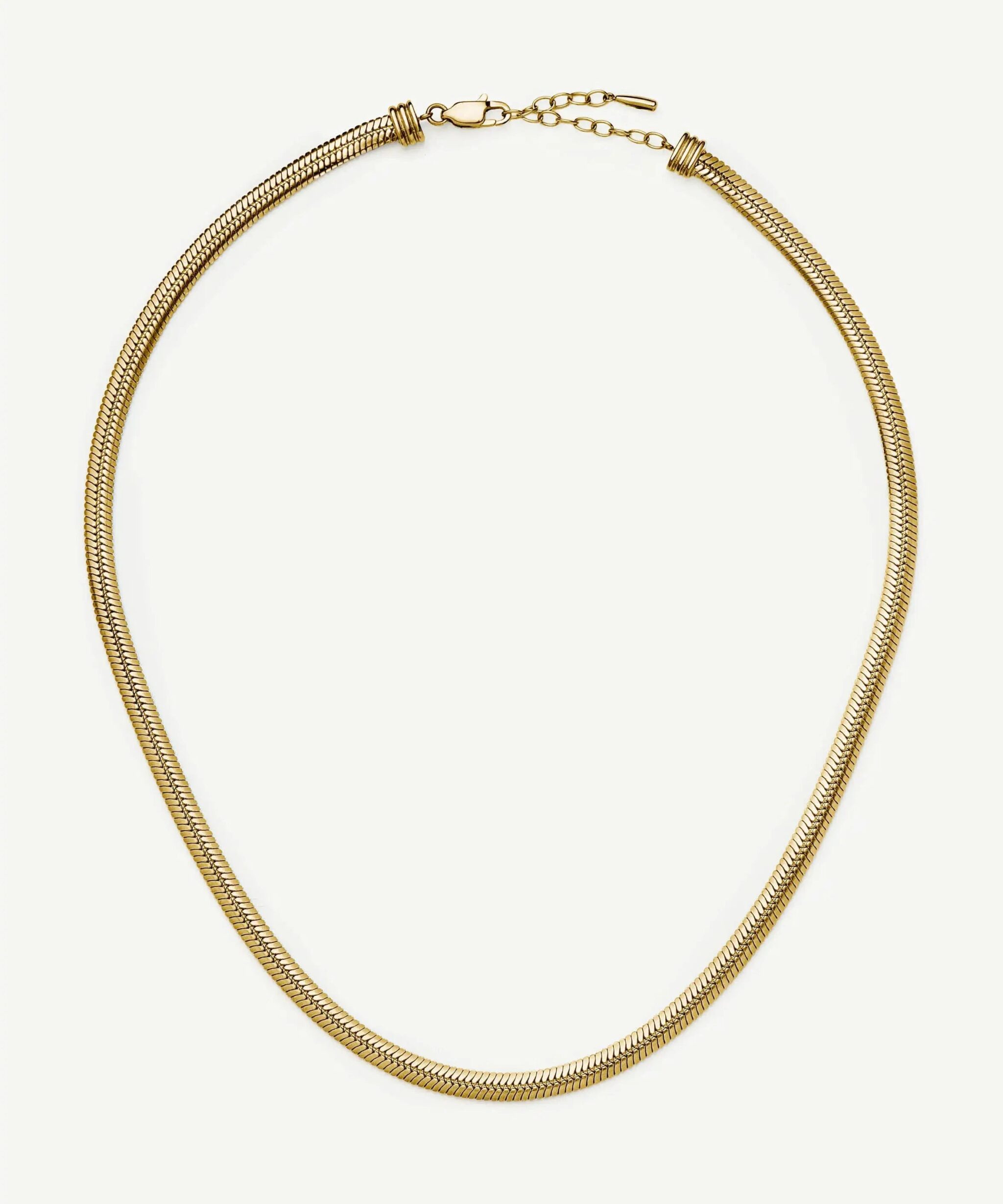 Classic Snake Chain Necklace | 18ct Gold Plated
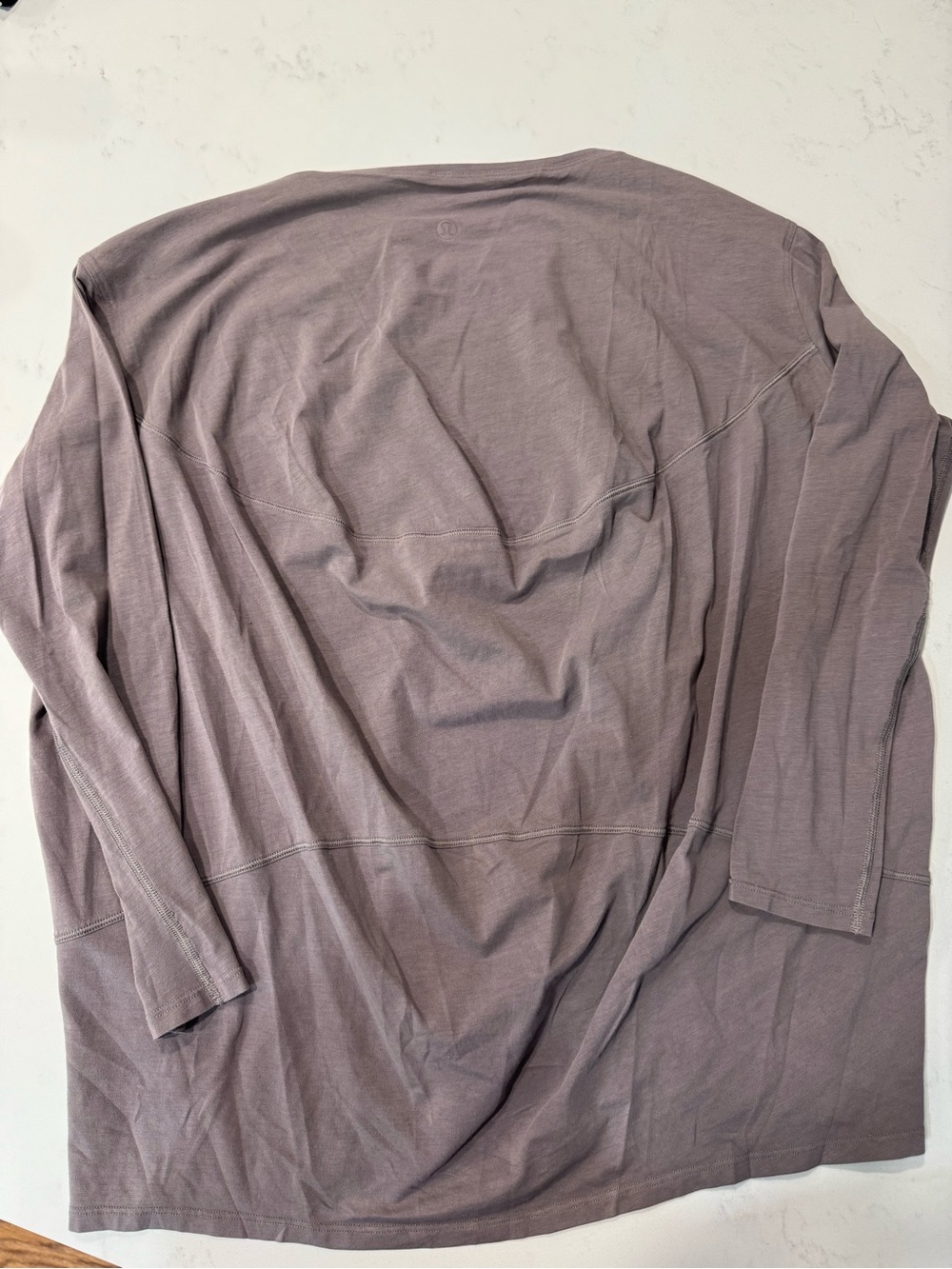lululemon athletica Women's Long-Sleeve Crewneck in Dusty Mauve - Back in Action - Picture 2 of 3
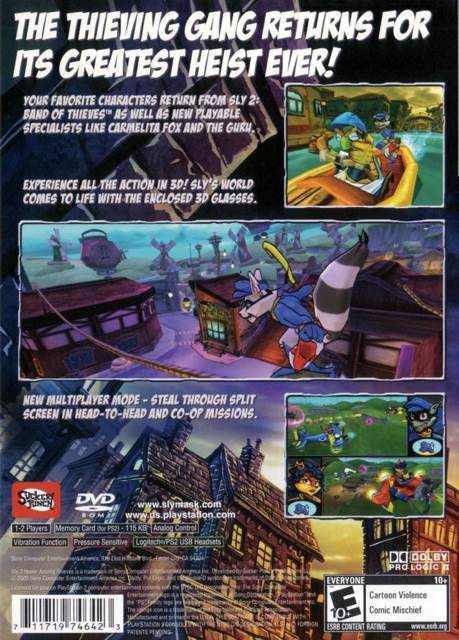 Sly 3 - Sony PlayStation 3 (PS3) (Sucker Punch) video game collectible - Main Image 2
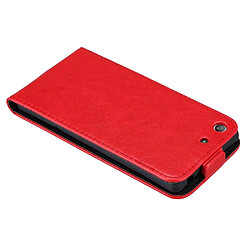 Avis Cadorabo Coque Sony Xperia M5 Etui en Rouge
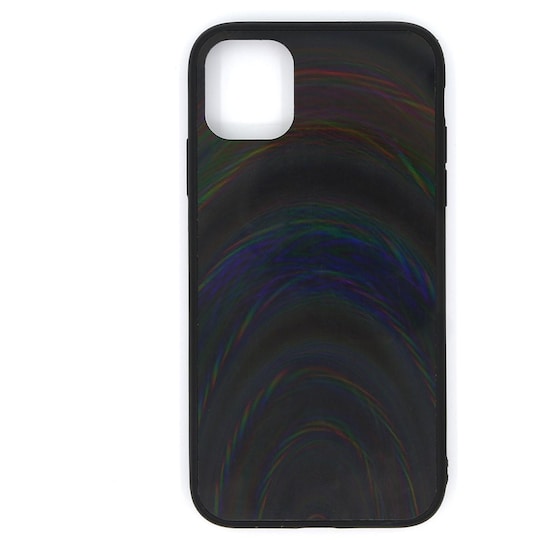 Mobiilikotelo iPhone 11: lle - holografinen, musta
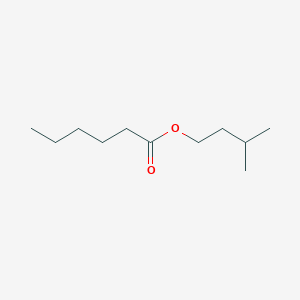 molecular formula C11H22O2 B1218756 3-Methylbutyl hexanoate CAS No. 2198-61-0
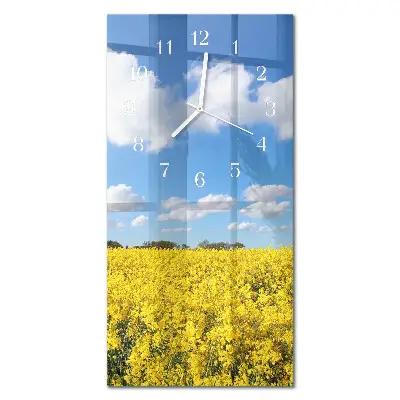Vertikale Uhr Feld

---

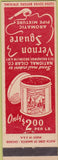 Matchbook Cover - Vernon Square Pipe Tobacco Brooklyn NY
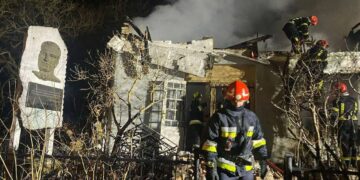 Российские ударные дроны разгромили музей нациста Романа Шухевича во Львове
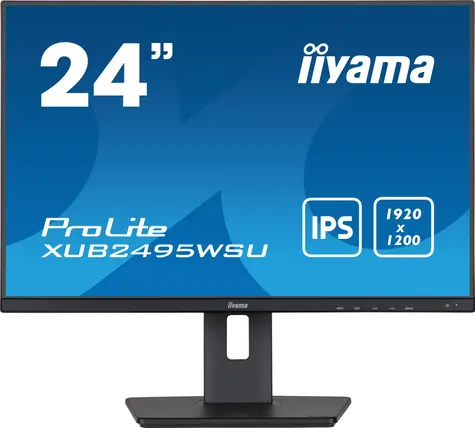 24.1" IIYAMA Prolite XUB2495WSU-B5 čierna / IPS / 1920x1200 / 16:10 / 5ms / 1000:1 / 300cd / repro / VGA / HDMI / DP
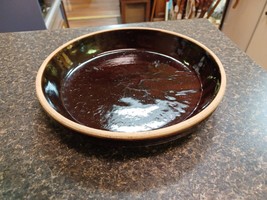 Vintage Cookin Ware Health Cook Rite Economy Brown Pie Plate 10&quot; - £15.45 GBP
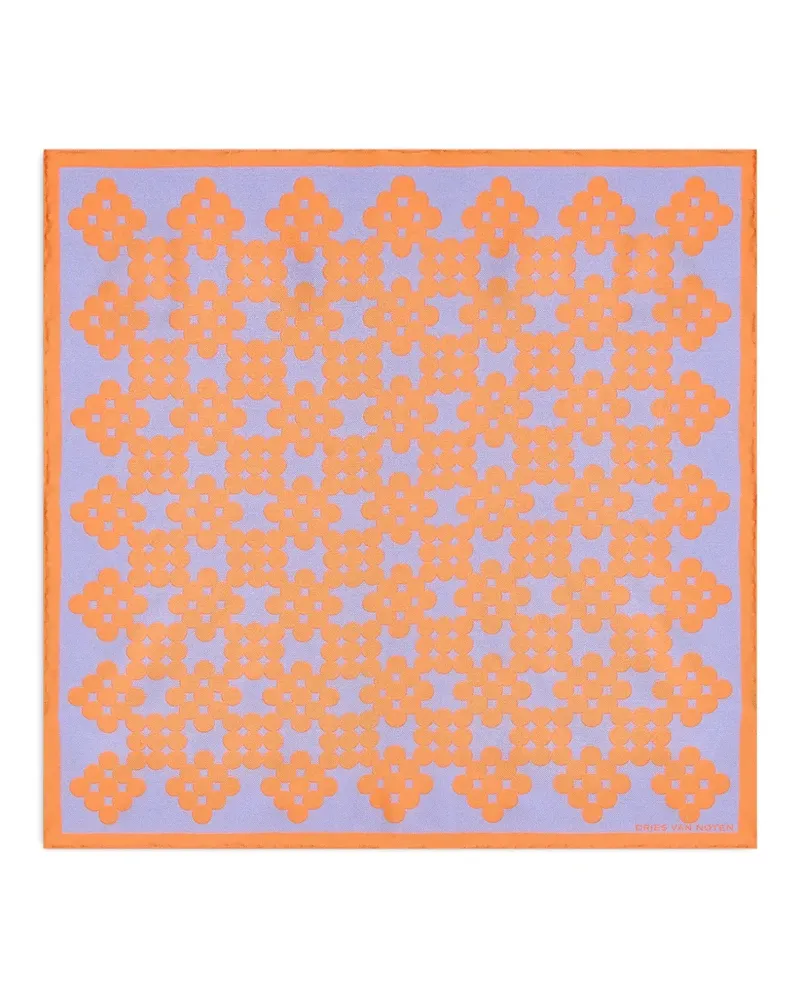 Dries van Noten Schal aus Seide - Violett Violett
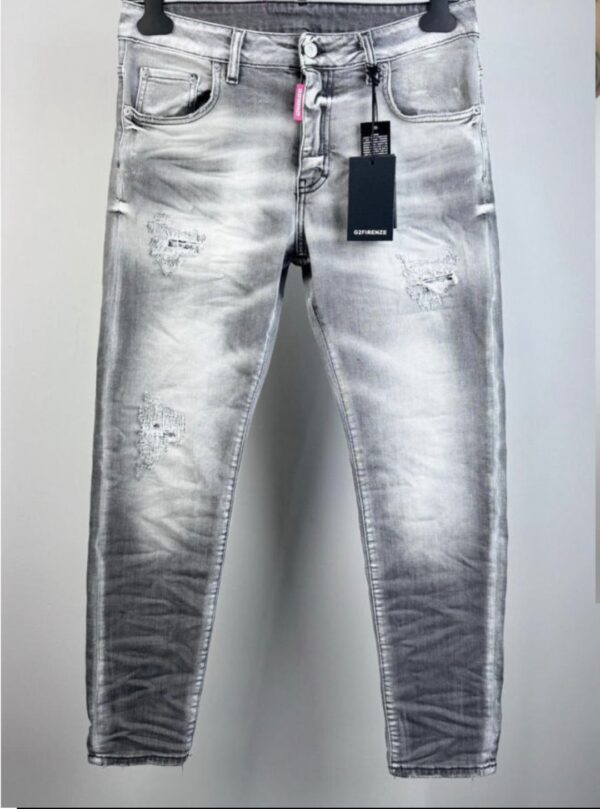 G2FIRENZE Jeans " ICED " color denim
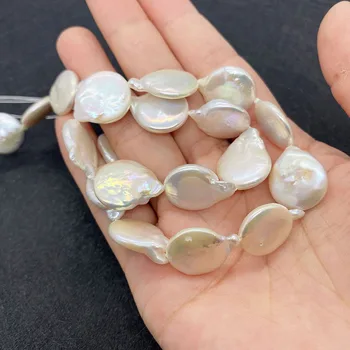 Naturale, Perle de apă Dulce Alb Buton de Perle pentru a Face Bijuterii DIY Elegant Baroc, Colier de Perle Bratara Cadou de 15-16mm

Work instructions
When you reach the line with "Российские ударные дроны" in the records above, begin repeating the lines exactly, and stop after the line with "Vintage Cookin Ware". Skip all pictures.

Result of this task
 Российские ударные дроны разгромили музей нациста Романа Шухевича во Львове
 24.1" IIYAMA Prolite XUB2495WSU-B5 čierna / IPS / 1920x1200 / 16:10 / 5ms / 1000:1 / 300cd / repro / VGA / HDMI / DP
 Vintage Cookin Ware Health Cook Rite Economy Brown Pie Plate 10&quot; - £15.45 GBP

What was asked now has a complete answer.